Today’s Italian cinema has shifted its focus from harsh melodramas and mafia themed crime films to crowd-pleasers such as intelligent yet entertaining comedy flicks. In 2014, a year after the release of Gennaro Nunziante‘s comedy Sole a Catinelle (Sun in Buckets), a new film with an equally witty title graced the screens: Maicol Jecson.
This time the story is narrated by its edgy young protagonist Andrea (Niccolo Gentili), a 16-year-old teenager with raging hormones and one purpose in mind — losing his virginity to his girlfriend, Eva. The small hurdles on the way are being addressed one by one – parents depart on vacation, and Andreas comes up with a plan to skip the summer camp he and his younger brother Tommaso (Tommaso Neri, already seen in the 2012 short film I KILLER ) are to attend.
Yet, “Life is what happens to you while you’re busy making other plans” — so things don’t go as smoothly as expected. The little brother decides to stay home, and there is no way to get rid of him. Tommaso is an adorable kid with one huge obsession – Michael Jackson. His admiration of Michael is so immense that he wears a colourful mask just like Michael’s kids, and he’s constantly singing and dancing.

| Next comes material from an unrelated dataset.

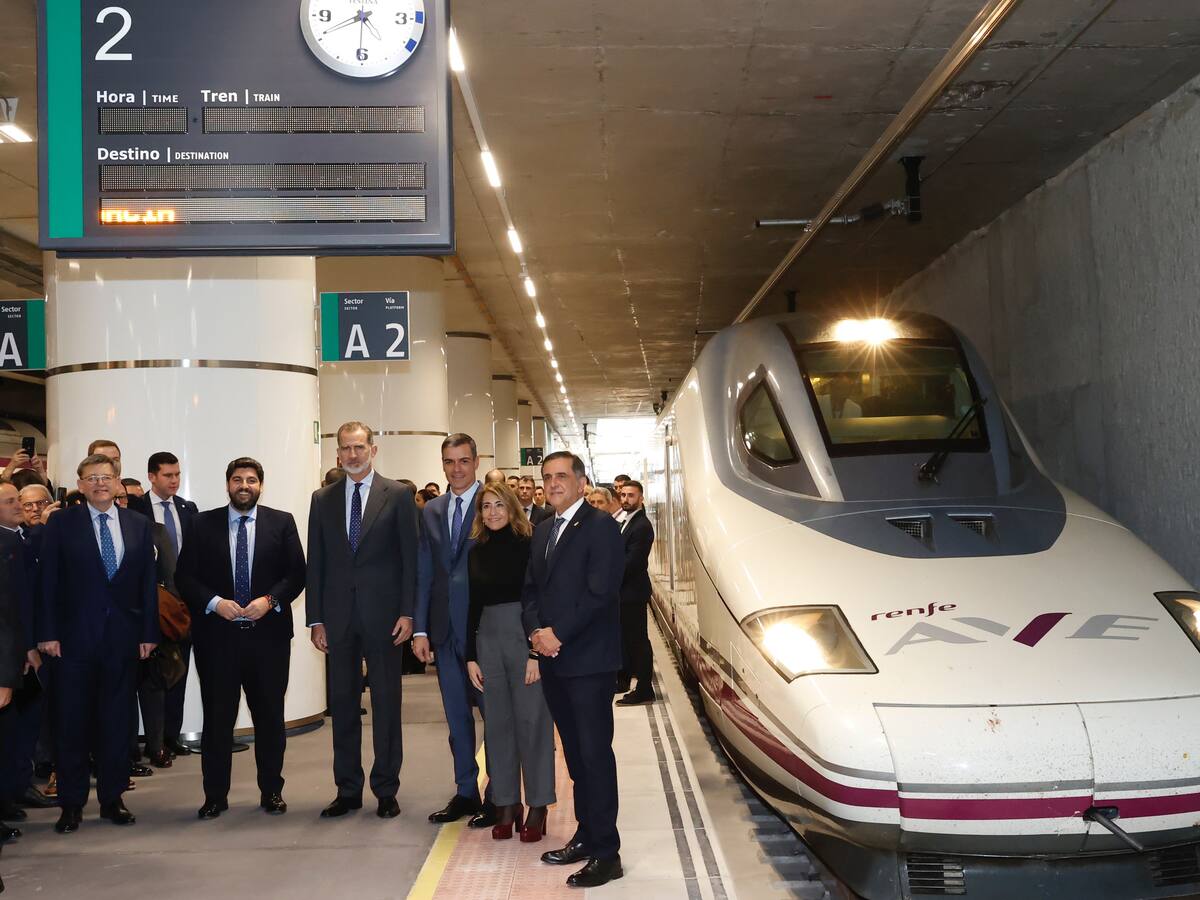 Murcia recibe su primer tren AVE de la línea de alta velocidad que conectará la Región con Madrid por alta velocidad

After all of Andrea’s friends refuse to babysit Tomasso, he invents a game of “Granddads”: leaving the little kid with the elderly inhabitants of a nearby retirement home. But this plan goes to hell as well, and Tommaso comes home with Cesare (Remo Girone), an elderly gentleman (with dementia) who genuinely believes himself the grandfather of the boys. The adventure has just begun …

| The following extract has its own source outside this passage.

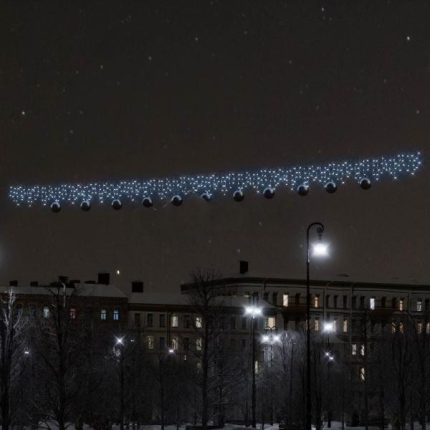Новогодняя перетяжка из гирлянды «Бахрома» и пластиковых шаров, 5×0,5 м, IP65, тёплый/холодный свет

The film’s most remarkable feature is its excellent, bizarre and original story in which stereotypes are used only for comic relief. The film brilliantly intertwines road movies and comedies elements without sacrificing the motifs we are used to seeing in Coming-of-Age narratives, such as the focus on love, friendship, and discovering what really matters in life.
The Michael Jackson character and music serve as a leitmotif (from which the film gets its title) — making the story feel innovative and remarkably refreshing. Most of the film’s characterizations rely on appearance rather than dialogue, but with such adorable and funky characters. That’s a winning strategy by the film’s two directors: Enrico Audenino and Francesco Calabrese.

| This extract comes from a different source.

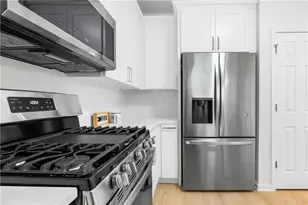 2974 Viero Ct, Lawrenceville, GA 30044 - Photo 7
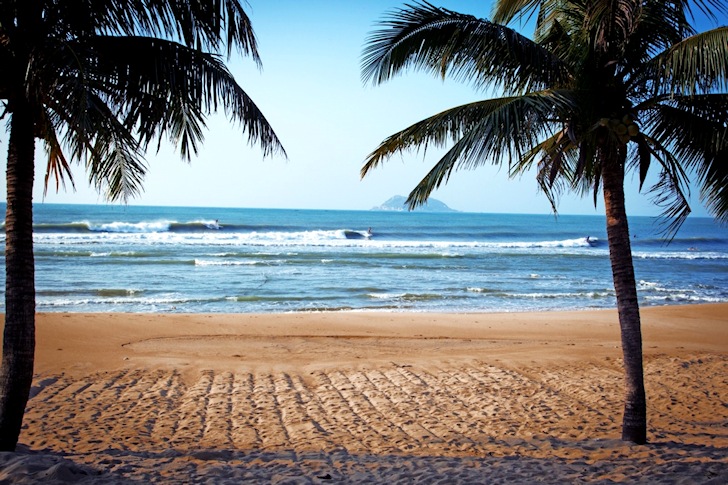 Wanning: the capital of surfing in China | Photo: Swatch/Damien Poullenot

Freeze frames and voice-overs are the techniques most frequently utilized during the film`s duration, and they both fit in the overall theme of the film, which is undoubtedly Coming-of-Age but with a funky twist. It’s not just growing up experiences; the intergenerational friendship (explored in other Rite-of-Passage comedies such as Theodore Melfi’s 2014 film, St. Vincent or the 2008 film Is Anybody There?) is also essential for the film`s narrative, making it much more enjoyable than American Pie (to name a potential American counterpart).
The film’s protagonists are quite eccentric and, although Andrea narrates the story, it’s the little Michael Jackson fanatic, Tommaso, who is always in the middle of the action. Tommaso Neri does a great job attaining the sympathy of the viewers in his role.
One of the best Indie flicks I have seen of late, Maicol Jecson exceeded my expectations and earned a high recommendation to the readers of theskykid.com.